Esiste un’unica via d’uscita da questo pantano in cui si è andata ad affossare la politica: selezionare una classe dirigente al di sopra di ogni sospetto. Questo vale per tutti, per chi ricopre incarichi di partito e, ancora di più, per chi riveste ruoli istituzionali. Ormai agli occhi dei cittadini siamo tutti uguali e questa cosa non mi va giù. Anche se capisco questo diffuso stato di malessere, perché, ahimè, se ne sentono talmente tante che la macchia di fango che ci ha investito è talmente grande che è difficile spiegare che non siamo tutti uguali. C’è un livello di corruzione e malaffare tale e talmente sottile da infiltrarsi ovunque e creare questa sorta di cappa appiccicosa che sta devastando tutto il Paese. 

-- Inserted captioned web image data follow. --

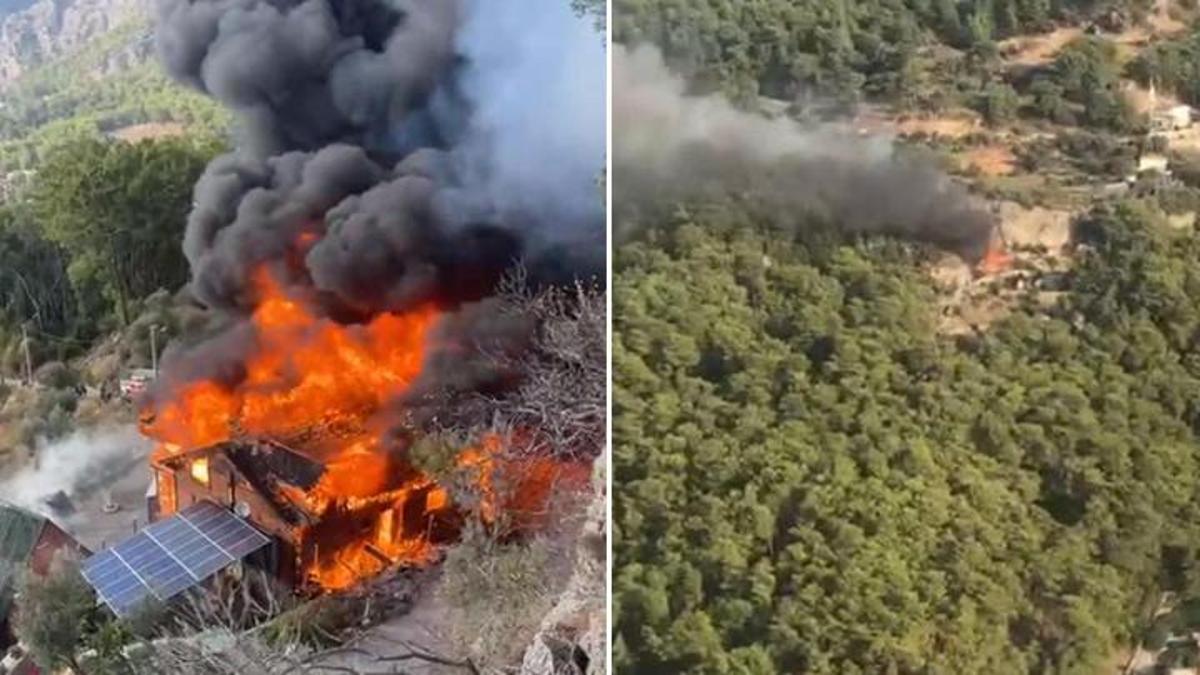 Muğla Fethiye'de bungalovda çıkan yangın ormana da sıçradı: Çok sayıda ekip sevk edildi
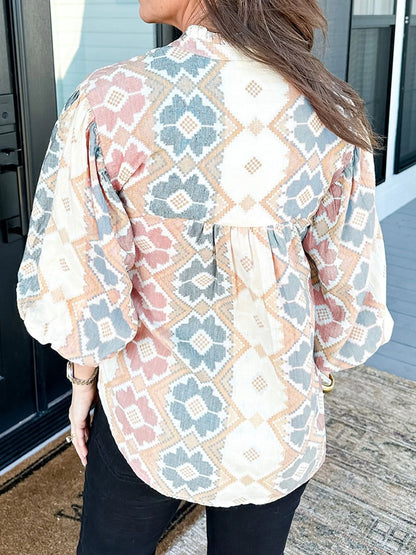 Bohemian Geometric Print Blouse with Tassel Tie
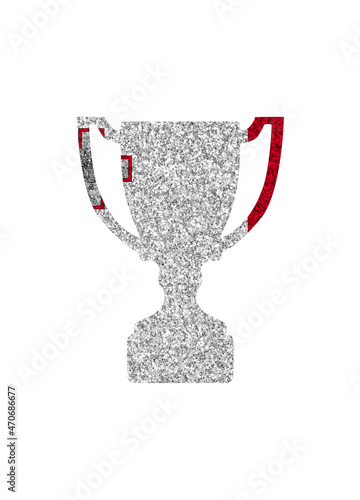 Winner cup silhouette in colors of national flag. Malta
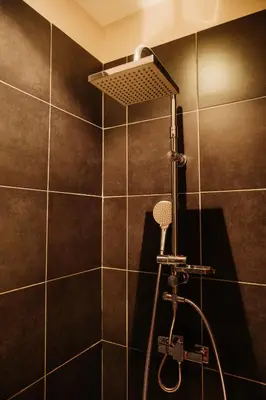 a bathroom with a shower with black tiles at La Maison de Gruissan in Gruissan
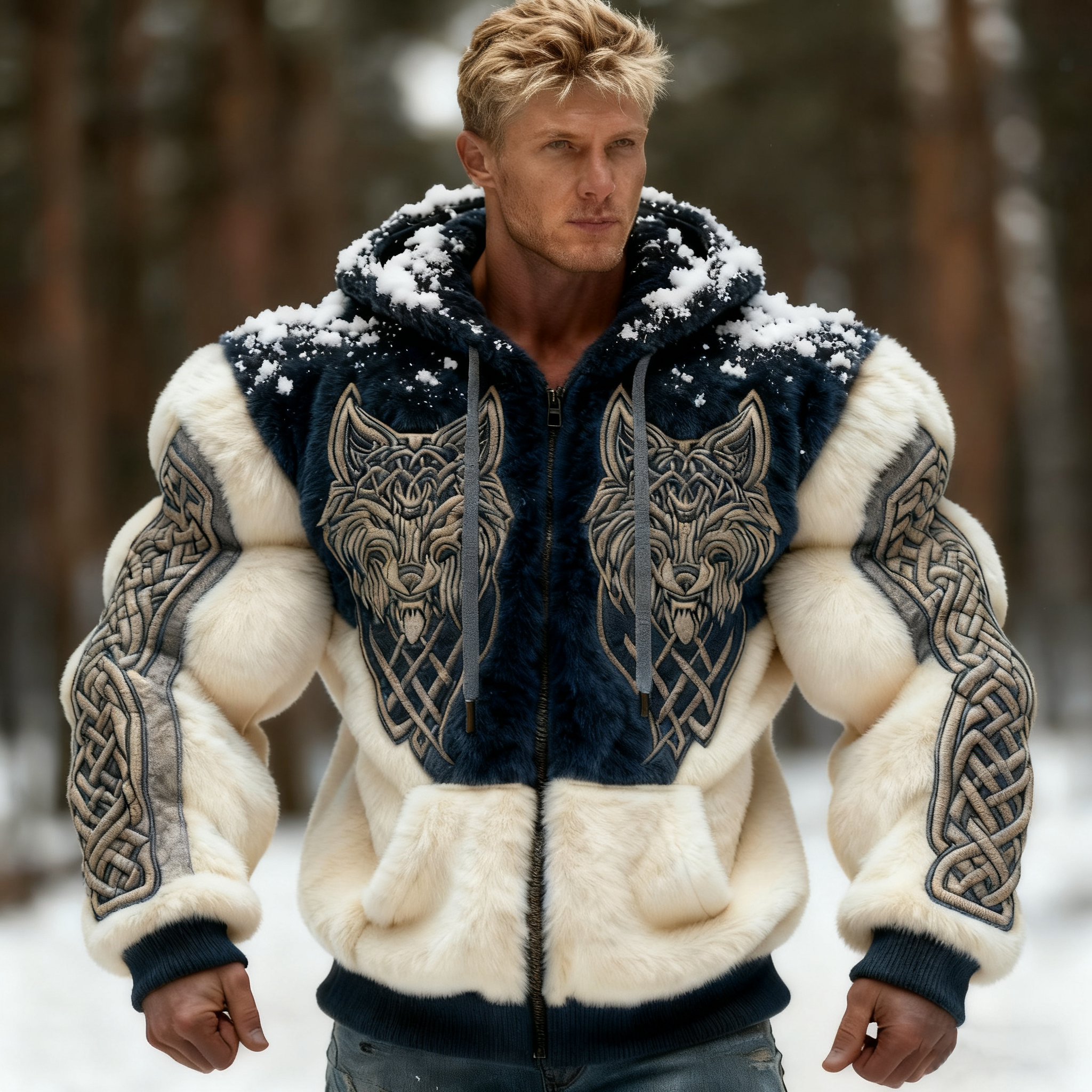 Men's Viking Wolf Style Celtic Art Cozy Flannel Zip-up Hoodie elevenforest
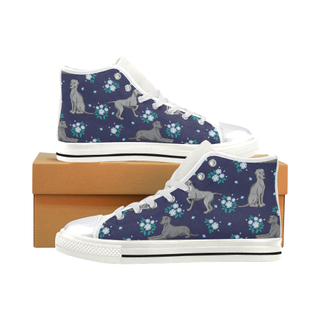 Coonhound Flower White High Top Canvas Women's Shoes/Large Size (Model 017) - TeeAmazing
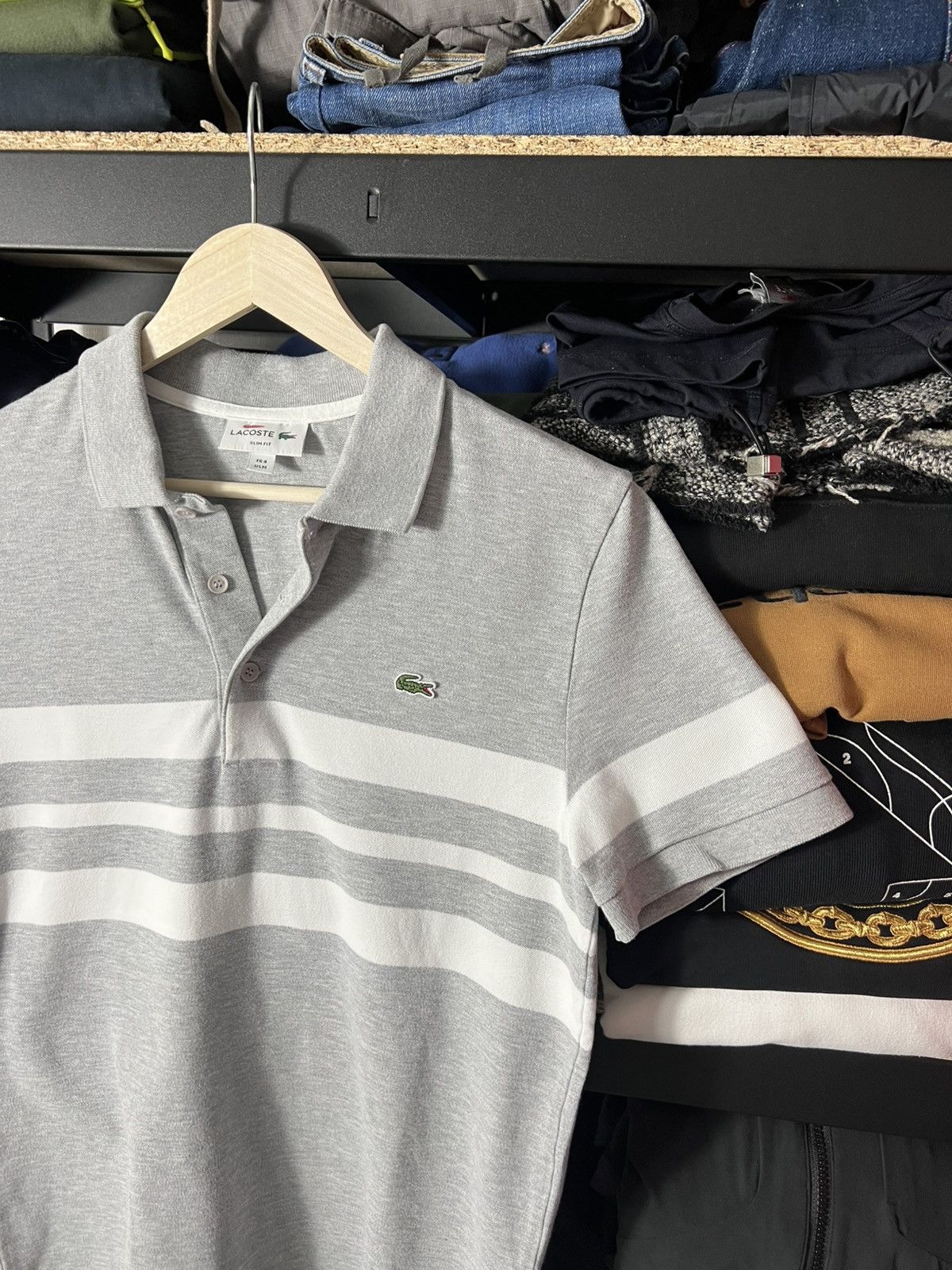 Lacoste 🩶 Lacoste Grey Striped Polo Size M 🐊 Classic Slim Fit Size US M / EU 48-50 / 2 - 2 Thumbnail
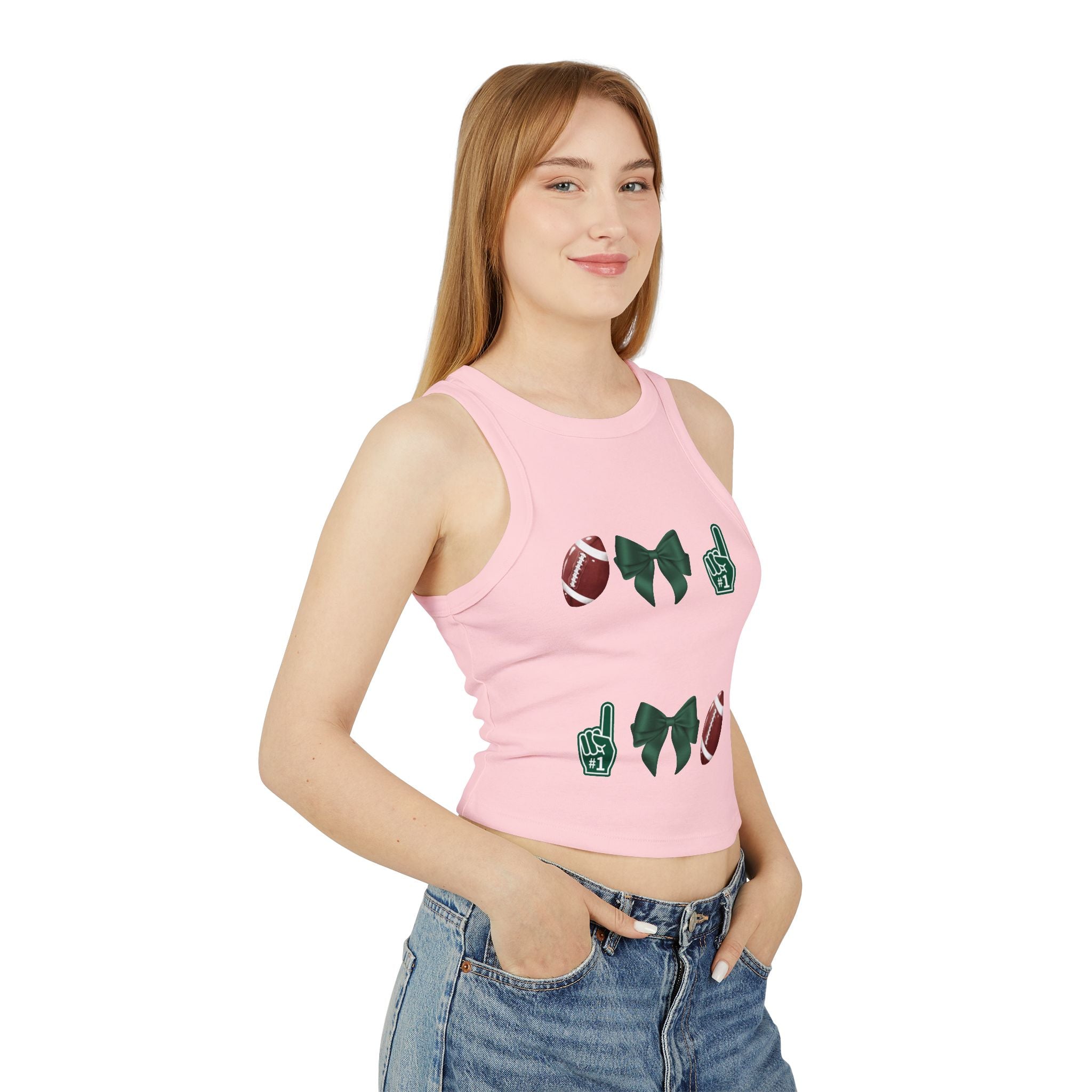 Customizable Green Football Gameday Racerback Tank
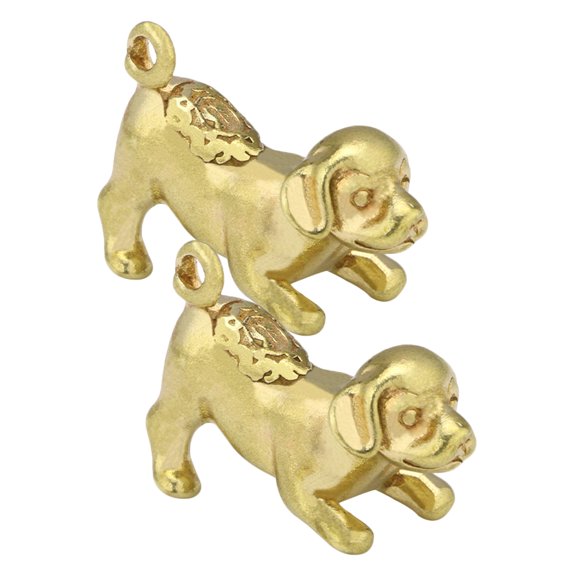 FRCOLOR  2 Pcs Vintage Animal Charm Key Hanging Decor Dog Collars Small Dogs Golden
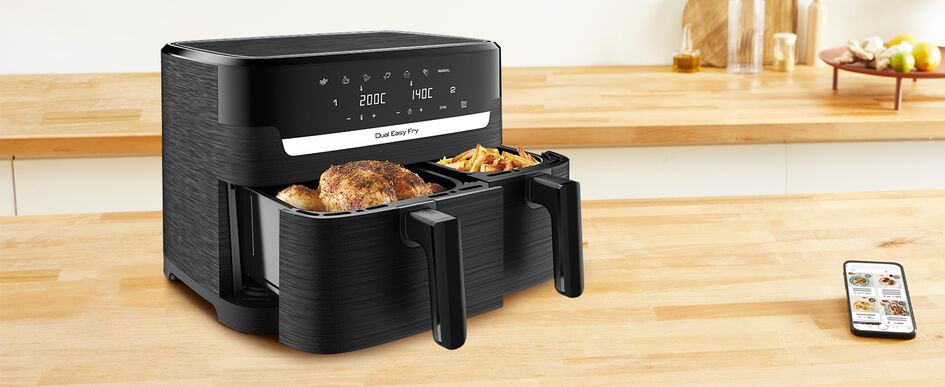 Friteuse et Gril à Air Tefal Dual Easy Fry - 8.3L - Noir - EY901N10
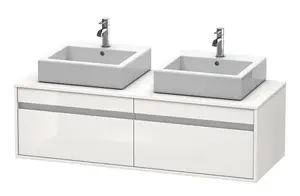 Duravit Ketho - Umývadlová skrinka 43x140x55 cm, 2 zásuvky, lesklá biela KT6697B2222
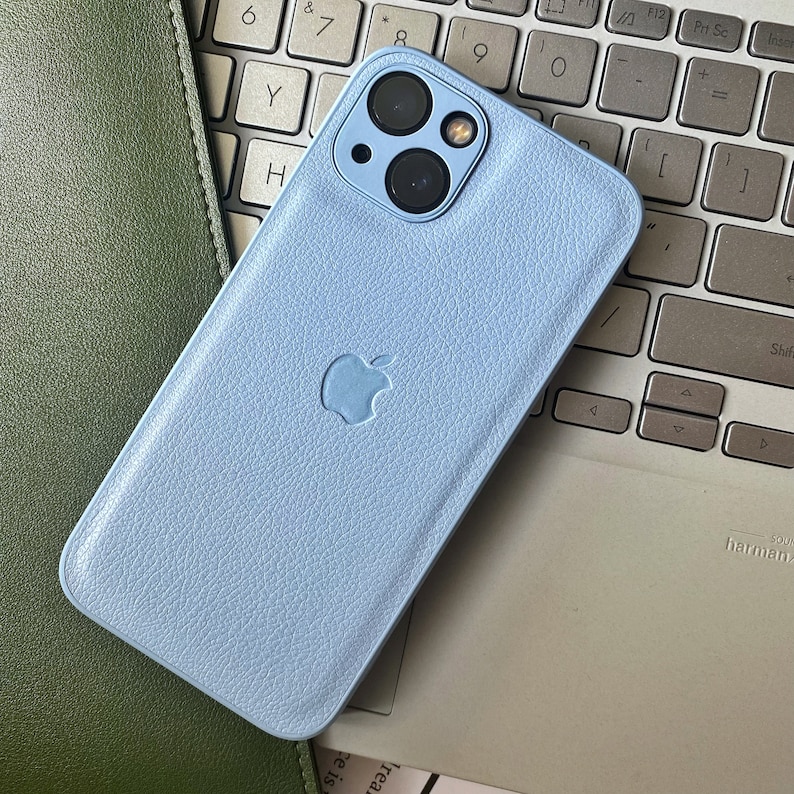 Leather iPhone 14 Case iPhone 15 14 13 12 11 Pro Max case iPhone XR case Cute iPhone X XS Max Case Light Blue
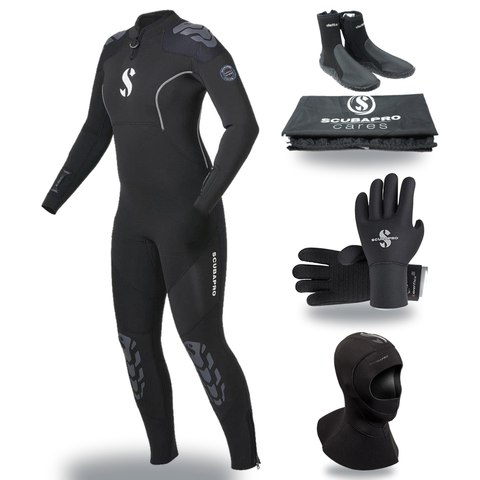 Scubapro Everflex Yulex 5/4mm Thermal Package – Womens Wetsuit + Hood + Gloves + Boots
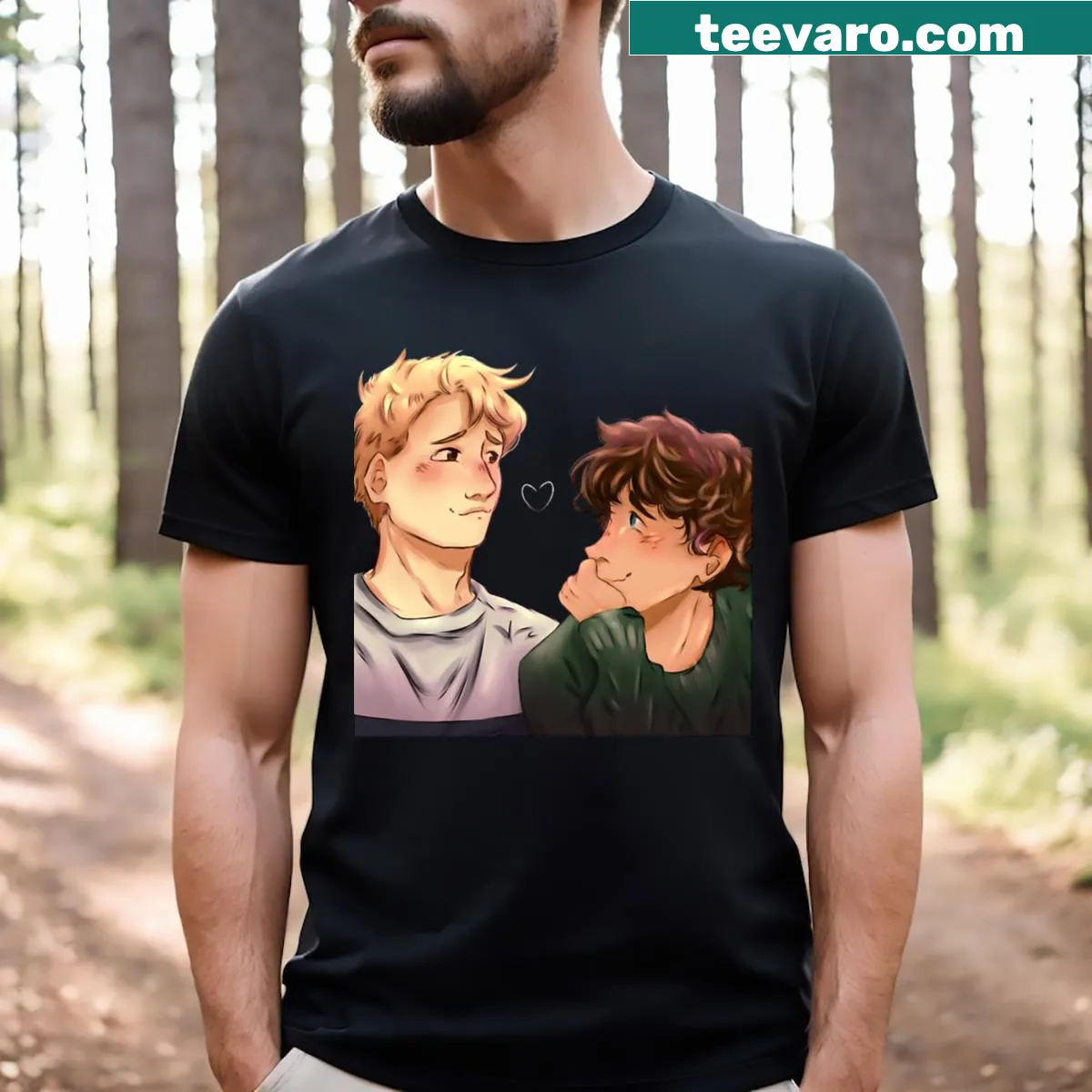 Nick Nelson and Charlie Spring illustration on T-shirt — on a men's t-shirt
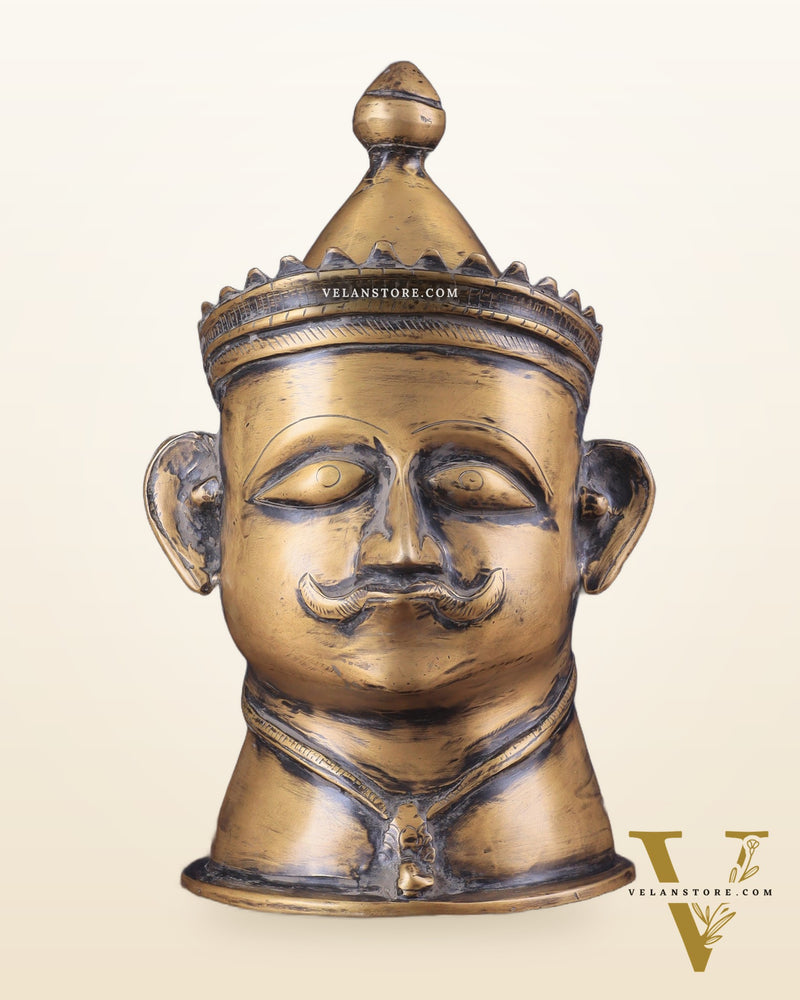 Brass Vintage Shiva Face Mukhalingam Sculpture 13.5"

Dobbiamo fermarci, subito. Non è più accettabile che in Parlamento e nelle Giunte locali siedano persone condannate, corrotte, rinviate a giudizio, sottoposte a condanna della Corte dei Conti. Non è pensabile che le stesse persone vengano ricandidate per scappare dalla giustizia. Ecco la cosa agghiacciante è che la politica viene usata per scappare dalle aule giudiziarie, quando, invece, dovrebbe servire per essere a servizio esclusivo dei cittadini. Come non è più tollerabile che nei partiti bazzichino persone indagate. Se tali sono, devono dimettersi subito e dimostrare la loro innocenza da privati cittadini, perché la legge è uguale per tutti

Vogliamo, voglio, che si torni alla buona politica. Questa è una richiesta indignata dei cittadini e un appello accorato di chi si sa di essere un politico onesto e non ce la fa più ad essere etichettato come “uno dei tanti”. Lo dico a tutti i partiti, lo pretendo dal mio. Bisogna fare pulizia a 360 gradi.  Alle prossime elezioni politiche dobbiamo candidare solo persone pulite, la cui selezione deve passare attraverso il vaglio del partito ma anche degli italiani. Oltre agli organi di partito, gli strumenti ci sono. La Rete, da questo punto di vista, gioca un grande ruolo di controllo sociale e partecipazione democratica. La storia dei candidati deve essere passata al setaccio e nota prima dell’elezione e non dopo. Questo vorrei che avvenisse in ogni partito. Lo ripeto, però: dall’Italia dei Valori lo pretendo. Così come voglio avere come compagni di viaggio solo ed esclusivamente  persone competenti e capaci. La meritocrazia, la professionalità  devono essere la nostra stella polare, perché la buona politica è fatta da gente che ha tre elementari requisiti: onestà, competenza e passione.

Sono capogruppo dell’Italia dei Valori in Senato da poco più di quattro anni. Faccio politica sul territorio e a livello nazionale ormai da tempo. Mi sento dell’IdV, perché è un partito nato per portare avanti la battaglia per la legalità, per la trasparenza, per la tutela dei più deboli dall’arroganza imperante e imbrogliona dei più forti, per la lotta alla corruzione e al malaffare. Questa è la nostra mission. Abbiamo scritto nel nostro dna il principio che la legge è uguale per tutti. E dobbiamo dare per primi l’esempio, camminare a testa alta. Voglio continuare a stare nell’Italia dei Valori, in questa Italia dei Valori, quella che è nata con le idee di Antonio Di Pietro, quella che è orgogliosa delle proprie battaglie, che non ha nulla da spartire con i vecchi e nuovi arnesi della politica puzzolente.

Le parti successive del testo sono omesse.